# Goal of the exercise:
Retype each entry. Leave nothing out.

# Provided records:
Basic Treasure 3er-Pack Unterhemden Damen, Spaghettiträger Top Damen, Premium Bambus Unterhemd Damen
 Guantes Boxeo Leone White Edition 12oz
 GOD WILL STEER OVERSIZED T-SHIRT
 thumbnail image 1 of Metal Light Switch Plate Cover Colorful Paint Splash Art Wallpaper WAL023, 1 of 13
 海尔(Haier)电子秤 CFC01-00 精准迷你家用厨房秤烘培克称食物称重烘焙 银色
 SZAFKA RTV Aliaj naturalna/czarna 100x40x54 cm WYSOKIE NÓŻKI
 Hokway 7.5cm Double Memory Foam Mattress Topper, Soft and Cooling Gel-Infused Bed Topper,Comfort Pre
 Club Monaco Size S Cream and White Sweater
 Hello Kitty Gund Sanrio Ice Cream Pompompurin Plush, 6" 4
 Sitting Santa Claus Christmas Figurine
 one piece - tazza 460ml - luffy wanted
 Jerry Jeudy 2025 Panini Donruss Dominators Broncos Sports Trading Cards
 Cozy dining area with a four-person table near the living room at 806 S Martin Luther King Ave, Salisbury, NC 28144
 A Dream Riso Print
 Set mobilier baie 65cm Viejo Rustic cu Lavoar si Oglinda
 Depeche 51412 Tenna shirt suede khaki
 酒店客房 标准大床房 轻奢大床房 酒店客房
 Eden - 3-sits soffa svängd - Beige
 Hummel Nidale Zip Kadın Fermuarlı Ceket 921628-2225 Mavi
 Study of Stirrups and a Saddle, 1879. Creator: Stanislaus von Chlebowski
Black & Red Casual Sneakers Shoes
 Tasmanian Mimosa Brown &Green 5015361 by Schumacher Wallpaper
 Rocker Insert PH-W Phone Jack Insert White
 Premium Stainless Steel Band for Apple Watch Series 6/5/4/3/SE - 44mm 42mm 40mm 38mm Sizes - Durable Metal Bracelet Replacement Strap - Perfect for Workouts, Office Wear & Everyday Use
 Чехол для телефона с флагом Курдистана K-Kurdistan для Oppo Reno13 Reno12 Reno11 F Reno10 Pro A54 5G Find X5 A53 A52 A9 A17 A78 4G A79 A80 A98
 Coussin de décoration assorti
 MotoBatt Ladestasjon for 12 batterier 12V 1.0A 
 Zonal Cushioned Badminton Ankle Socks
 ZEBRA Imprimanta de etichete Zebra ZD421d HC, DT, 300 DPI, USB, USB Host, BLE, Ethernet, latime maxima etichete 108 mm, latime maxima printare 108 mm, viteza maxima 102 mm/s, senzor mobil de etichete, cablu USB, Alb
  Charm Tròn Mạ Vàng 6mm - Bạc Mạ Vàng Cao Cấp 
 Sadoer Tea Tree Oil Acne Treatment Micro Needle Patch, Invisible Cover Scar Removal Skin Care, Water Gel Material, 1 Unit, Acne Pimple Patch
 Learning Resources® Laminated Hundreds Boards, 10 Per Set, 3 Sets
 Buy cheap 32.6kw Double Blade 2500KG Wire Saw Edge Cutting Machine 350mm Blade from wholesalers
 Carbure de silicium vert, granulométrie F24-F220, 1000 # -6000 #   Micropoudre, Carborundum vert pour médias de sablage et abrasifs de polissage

# Problem solution:
Basic Treasure 3er-Pack Unterhemden Damen, Spaghettiträger Top Damen, Premium Bambus Unterhemd Damen
 Guantes Boxeo Leone White Edition 12oz
 GOD WILL STEER OVERSIZED T-SHIRT
 thumbnail image 1 of Metal Light Switch Plate Cover Colorful Paint Splash Art Wallpaper WAL023, 1 of 13
 海尔(Haier)电子秤 CFC01-00 精准迷你家用厨房秤烘培克称食物称重烘焙 银色
 SZAFKA RTV Aliaj naturalna/czarna 100x40x54 cm WYSOKIE NÓŻKI
 Hokway 7.5cm Double Memory Foam Mattress Topper, Soft and Cooling Gel-Infused Bed Topper,Comfort Pre
 Club Monaco Size S Cream and White Sweater
 Hello Kitty Gund Sanrio Ice Cream Pompompurin Plush, 6" 4
 Sitting Santa Claus Christmas Figurine
 one piece - tazza 460ml - luffy wanted
 Jerry Jeudy 2025 Panini Donruss Dominators Broncos Sports Trading Cards
 Cozy dining area with a four-person table near the living room at 806 S Martin Luther King Ave, Salisbury, NC 28144
 A Dream Riso Print
 Set mobilier baie 65cm Viejo Rustic cu Lavoar si Oglinda
 Depeche 51412 Tenna shirt suede khaki
 酒店客房 标准大床房 轻奢大床房 酒店客房
 Eden - 3-sits soffa svängd - Beige
 Hummel Nidale Zip Kadın Fermuarlı Ceket 921628-2225 Mavi
 Study of Stirrups and a Saddle, 1879. Creator: Stanislaus von Chlebowski
Black & Red Casual Sneakers Shoes
 Tasmanian Mimosa Brown &Green 5015361 by Schumacher Wallpaper
 Rocker Insert PH-W Phone Jack Insert White
 Premium Stainless Steel Band for Apple Watch Series 6/5/4/3/SE - 44mm 42mm 40mm 38mm Sizes - Durable Metal Bracelet Replacement Strap - Perfect for Workouts, Office Wear & Everyday Use
 Чехол для телефона с флагом Курдистана K-Kurdistan для Oppo Reno13 Reno12 Reno11 F Reno10 Pro A54 5G Find X5 A53 A52 A9 A17 A78 4G A79 A80 A98
 Coussin de décoration assorti
 MotoBatt Ladestasjon for 12 batterier 12V 1.0A 
 Zonal Cushioned Badminton Ankle Socks
 ZEBRA Imprimanta de etichete Zebra ZD421d HC, DT, 300 DPI, USB, USB Host, BLE, Ethernet, latime maxima etichete 108 mm, latime maxima printare 108 mm, viteza maxima 102 mm/s, senzor mobil de etichete, cablu USB, Alb
  Charm Tròn Mạ Vàng 6mm - Bạc Mạ Vàng Cao Cấp 
 Sadoer Tea Tree Oil Acne Treatment Micro Needle Patch, Invisible Cover Scar Removal Skin Care, Water Gel Material, 1 Unit, Acne Pimple Patch
 Learning Resources® Laminated Hundreds Boards, 10 Per Set, 3 Sets
 Buy cheap 32.6kw Double Blade 2500KG Wire Saw Edge Cutting Machine 350mm Blade from wholesalers
 Carbure de silicium vert, granulométrie F24-F220, 1000 # -6000 #   Micropoudre, Carborundum vert pour médias de sablage et abrasifs de polissage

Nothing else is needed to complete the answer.